Lines below starting with the line with "firstcry.com Babyhug Full" and going on through the line with "Overview and More" must be output exactly; the rest of the records must be left out.

• [Dataset records]:
____________________
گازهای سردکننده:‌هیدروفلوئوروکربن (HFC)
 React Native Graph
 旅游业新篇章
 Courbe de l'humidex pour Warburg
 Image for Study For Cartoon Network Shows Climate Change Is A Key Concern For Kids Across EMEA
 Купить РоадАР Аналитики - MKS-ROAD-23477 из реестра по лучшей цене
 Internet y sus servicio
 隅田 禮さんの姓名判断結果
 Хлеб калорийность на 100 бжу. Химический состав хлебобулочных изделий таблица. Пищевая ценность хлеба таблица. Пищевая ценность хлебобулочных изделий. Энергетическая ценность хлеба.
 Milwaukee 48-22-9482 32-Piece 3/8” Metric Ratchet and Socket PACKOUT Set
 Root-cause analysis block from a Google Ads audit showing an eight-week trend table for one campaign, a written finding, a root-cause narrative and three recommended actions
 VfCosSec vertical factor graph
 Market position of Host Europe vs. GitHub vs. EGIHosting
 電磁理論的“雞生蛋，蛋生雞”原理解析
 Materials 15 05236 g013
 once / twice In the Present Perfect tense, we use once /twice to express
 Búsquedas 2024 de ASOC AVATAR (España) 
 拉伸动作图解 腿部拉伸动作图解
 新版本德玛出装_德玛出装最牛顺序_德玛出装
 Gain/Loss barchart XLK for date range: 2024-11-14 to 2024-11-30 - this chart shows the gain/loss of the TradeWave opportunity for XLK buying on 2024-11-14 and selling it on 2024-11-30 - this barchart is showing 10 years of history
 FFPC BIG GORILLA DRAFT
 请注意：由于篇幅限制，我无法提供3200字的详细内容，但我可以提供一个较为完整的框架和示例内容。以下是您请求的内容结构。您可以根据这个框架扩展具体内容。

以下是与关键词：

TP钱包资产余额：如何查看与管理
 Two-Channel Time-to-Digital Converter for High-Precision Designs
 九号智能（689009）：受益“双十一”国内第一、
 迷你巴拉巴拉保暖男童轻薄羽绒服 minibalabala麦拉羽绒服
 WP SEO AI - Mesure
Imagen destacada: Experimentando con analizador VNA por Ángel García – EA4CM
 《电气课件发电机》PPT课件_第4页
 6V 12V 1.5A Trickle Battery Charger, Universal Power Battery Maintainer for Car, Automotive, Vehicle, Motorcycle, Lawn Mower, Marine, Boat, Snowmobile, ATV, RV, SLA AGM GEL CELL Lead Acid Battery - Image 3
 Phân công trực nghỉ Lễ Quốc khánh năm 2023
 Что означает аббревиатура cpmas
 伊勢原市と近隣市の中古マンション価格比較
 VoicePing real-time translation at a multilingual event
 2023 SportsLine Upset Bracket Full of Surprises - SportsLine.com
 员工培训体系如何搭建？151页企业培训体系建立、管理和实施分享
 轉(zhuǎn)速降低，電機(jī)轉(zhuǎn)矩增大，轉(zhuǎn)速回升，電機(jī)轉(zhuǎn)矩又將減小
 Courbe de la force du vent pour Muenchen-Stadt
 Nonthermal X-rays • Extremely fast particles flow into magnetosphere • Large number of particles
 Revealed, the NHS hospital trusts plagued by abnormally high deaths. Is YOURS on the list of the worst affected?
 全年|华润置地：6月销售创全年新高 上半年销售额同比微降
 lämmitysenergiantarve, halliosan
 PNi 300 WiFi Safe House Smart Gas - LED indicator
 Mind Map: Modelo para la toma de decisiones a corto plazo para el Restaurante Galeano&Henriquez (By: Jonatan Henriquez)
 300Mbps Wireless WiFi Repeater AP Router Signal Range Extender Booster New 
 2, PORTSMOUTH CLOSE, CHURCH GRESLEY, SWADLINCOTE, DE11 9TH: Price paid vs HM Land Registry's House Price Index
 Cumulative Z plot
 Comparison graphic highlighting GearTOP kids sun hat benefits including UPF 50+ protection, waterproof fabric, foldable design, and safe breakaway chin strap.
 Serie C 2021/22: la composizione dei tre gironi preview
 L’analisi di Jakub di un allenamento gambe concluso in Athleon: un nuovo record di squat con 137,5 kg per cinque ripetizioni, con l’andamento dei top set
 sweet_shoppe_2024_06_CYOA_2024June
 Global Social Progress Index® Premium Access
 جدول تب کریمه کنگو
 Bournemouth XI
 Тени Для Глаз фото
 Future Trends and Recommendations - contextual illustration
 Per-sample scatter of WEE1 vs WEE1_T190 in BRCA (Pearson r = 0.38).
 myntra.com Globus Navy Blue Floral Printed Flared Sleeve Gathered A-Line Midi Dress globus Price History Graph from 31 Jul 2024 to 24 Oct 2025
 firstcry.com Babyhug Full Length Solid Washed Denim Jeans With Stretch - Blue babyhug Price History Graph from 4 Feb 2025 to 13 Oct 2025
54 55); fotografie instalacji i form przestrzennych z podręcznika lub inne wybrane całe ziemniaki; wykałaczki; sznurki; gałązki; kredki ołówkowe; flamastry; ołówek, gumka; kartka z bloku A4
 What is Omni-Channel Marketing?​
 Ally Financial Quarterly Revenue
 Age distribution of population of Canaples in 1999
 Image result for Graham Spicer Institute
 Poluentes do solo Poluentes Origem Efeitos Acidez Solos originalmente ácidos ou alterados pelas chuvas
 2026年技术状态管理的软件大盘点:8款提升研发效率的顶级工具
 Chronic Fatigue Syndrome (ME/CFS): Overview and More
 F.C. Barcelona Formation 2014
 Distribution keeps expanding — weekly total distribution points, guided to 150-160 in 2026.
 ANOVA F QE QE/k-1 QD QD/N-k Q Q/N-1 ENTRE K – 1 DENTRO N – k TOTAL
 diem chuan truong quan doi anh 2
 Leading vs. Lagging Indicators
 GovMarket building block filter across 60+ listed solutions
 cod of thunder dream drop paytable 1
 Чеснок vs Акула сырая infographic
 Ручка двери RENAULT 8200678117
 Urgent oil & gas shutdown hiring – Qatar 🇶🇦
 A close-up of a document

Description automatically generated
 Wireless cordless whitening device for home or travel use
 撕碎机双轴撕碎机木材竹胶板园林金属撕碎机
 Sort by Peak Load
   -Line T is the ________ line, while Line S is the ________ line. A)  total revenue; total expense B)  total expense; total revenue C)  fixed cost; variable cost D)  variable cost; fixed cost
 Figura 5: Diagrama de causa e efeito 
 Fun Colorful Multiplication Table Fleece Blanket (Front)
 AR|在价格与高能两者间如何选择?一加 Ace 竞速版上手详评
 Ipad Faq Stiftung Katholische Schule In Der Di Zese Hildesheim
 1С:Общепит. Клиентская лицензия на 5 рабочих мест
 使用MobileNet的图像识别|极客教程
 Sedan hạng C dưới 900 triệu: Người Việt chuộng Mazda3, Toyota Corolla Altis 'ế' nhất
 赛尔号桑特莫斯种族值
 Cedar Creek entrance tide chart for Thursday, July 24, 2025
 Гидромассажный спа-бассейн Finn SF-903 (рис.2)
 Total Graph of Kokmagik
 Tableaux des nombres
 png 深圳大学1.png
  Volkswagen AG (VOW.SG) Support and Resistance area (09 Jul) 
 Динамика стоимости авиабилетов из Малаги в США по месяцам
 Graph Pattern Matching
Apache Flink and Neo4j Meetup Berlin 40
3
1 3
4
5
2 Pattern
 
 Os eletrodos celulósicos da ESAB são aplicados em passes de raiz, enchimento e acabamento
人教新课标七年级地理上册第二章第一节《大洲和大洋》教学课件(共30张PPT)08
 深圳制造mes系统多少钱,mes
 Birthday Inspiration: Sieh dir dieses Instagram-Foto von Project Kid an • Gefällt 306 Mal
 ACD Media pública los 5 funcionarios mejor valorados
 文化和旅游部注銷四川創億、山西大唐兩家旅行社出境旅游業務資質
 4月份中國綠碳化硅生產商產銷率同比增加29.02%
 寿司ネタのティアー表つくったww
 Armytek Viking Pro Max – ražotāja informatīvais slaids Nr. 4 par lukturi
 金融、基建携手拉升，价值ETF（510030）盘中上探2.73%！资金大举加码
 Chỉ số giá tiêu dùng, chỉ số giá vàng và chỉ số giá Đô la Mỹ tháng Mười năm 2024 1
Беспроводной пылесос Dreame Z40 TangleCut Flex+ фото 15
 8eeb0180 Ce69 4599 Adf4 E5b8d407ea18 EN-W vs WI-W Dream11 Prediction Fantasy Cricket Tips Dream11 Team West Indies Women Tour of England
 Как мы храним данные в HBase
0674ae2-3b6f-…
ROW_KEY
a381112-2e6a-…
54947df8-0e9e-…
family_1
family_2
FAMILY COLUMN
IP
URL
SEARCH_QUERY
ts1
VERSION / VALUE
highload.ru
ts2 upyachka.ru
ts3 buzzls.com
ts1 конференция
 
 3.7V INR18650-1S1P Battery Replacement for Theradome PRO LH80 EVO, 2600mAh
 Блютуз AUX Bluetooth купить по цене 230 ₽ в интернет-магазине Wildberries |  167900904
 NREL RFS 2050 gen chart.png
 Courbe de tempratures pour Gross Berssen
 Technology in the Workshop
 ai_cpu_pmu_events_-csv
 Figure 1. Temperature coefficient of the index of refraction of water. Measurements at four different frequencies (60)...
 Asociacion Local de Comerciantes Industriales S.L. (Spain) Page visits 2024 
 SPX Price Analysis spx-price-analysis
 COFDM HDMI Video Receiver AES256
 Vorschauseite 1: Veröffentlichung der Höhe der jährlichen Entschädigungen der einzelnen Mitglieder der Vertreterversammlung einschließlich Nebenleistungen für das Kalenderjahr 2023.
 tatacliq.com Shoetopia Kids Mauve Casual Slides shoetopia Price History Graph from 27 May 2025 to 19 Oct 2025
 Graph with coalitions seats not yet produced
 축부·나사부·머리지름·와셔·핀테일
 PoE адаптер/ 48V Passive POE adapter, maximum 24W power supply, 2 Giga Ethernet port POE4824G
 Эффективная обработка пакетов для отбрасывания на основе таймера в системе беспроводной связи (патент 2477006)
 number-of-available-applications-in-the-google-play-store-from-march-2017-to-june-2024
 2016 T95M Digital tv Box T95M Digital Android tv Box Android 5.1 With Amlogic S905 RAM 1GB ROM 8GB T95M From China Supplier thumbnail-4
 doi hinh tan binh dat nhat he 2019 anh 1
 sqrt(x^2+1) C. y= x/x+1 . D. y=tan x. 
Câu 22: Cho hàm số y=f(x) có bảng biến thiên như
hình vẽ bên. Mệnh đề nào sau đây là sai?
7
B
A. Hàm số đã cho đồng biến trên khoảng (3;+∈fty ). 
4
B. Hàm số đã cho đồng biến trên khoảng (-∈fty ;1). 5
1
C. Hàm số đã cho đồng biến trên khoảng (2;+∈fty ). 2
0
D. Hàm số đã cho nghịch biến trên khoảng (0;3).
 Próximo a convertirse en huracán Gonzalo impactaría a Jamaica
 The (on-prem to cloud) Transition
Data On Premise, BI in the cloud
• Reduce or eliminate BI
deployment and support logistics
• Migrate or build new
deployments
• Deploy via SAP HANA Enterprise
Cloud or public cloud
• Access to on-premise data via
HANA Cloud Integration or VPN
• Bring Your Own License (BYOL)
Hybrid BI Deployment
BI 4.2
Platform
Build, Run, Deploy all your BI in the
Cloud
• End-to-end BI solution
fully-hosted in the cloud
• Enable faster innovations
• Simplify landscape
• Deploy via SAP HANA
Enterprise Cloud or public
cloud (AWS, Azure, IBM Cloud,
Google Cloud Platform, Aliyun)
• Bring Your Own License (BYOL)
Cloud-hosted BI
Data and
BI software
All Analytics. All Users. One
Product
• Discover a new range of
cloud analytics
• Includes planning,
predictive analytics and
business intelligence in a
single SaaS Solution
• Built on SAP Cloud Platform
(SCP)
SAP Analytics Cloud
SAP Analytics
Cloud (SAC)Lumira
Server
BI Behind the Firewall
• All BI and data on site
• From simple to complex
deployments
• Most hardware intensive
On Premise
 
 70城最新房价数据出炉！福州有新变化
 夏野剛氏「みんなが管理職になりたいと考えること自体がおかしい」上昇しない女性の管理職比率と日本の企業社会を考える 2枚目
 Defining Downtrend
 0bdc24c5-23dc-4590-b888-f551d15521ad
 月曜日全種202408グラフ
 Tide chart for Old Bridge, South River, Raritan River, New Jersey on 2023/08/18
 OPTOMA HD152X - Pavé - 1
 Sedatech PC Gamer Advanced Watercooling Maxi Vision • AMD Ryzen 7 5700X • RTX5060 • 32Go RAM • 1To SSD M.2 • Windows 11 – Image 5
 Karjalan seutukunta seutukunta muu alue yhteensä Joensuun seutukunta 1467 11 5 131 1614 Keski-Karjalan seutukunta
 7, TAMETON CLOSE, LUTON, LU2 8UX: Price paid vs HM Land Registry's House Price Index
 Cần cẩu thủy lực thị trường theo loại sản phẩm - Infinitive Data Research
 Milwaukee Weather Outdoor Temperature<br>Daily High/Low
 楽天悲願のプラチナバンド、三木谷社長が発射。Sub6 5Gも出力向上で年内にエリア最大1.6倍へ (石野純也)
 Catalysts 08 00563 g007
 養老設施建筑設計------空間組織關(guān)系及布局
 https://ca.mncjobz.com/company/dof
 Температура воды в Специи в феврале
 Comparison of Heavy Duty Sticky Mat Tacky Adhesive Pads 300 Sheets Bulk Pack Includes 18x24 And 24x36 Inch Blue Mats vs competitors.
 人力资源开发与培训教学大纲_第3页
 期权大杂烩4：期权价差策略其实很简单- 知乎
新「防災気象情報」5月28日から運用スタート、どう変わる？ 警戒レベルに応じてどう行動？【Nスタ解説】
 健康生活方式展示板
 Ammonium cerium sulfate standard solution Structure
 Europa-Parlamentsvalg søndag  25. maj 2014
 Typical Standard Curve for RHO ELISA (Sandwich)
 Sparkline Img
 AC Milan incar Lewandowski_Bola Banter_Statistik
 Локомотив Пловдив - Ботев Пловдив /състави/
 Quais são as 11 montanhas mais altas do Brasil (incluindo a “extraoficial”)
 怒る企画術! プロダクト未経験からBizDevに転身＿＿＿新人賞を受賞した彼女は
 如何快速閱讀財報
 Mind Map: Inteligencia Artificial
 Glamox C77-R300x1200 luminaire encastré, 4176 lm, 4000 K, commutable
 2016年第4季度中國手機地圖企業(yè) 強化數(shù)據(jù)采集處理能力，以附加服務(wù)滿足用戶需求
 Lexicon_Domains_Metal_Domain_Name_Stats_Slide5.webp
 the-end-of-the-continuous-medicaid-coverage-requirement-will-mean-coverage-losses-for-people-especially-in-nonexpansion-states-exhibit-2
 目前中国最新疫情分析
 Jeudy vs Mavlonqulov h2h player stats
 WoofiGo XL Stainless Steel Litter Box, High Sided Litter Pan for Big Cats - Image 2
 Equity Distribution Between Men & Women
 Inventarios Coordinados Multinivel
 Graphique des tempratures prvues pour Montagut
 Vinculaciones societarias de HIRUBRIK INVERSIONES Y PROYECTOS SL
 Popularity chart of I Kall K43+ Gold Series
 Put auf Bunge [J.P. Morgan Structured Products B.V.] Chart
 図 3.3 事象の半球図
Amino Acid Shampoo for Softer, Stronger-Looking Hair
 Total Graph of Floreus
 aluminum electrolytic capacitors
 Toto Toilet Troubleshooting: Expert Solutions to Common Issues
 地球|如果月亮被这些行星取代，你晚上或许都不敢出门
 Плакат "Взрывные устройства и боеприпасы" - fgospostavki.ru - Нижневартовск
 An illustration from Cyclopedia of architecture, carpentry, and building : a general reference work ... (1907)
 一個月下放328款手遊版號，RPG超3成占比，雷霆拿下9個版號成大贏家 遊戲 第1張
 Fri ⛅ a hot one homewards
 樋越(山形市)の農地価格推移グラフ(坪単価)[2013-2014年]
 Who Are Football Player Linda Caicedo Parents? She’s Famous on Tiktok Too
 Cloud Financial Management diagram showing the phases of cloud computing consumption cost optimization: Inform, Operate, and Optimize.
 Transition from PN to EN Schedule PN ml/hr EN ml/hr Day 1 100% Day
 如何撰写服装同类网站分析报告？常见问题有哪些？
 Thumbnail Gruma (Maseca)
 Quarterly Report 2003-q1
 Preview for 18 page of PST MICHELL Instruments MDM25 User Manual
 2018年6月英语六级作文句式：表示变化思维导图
____________________
• [Worked solution]:
 firstcry.com Babyhug Full Length Solid Washed Denim Jeans With Stretch - Blue babyhug Price History Graph from 4 Feb 2025 to 13 Oct 2025
54 55); fotografie instalacji i form przestrzennych z podręcznika lub inne wybrane całe ziemniaki; wykałaczki; sznurki; gałązki; kredki ołówkowe; flamastry; ołówek, gumka; kartka z bloku A4
 What is Omni-Channel Marketing?​
 Ally Financial Quarterly Revenue
 Age distribution of population of Canaples in 1999
 Image result for Graham Spicer Institute
 Poluentes do solo Poluentes Origem Efeitos Acidez Solos originalmente ácidos ou alterados pelas chuvas
 2026年技术状态管理的软件大盘点:8款提升研发效率的顶级工具
 Chronic Fatigue Syndrome (ME/CFS): Overview and More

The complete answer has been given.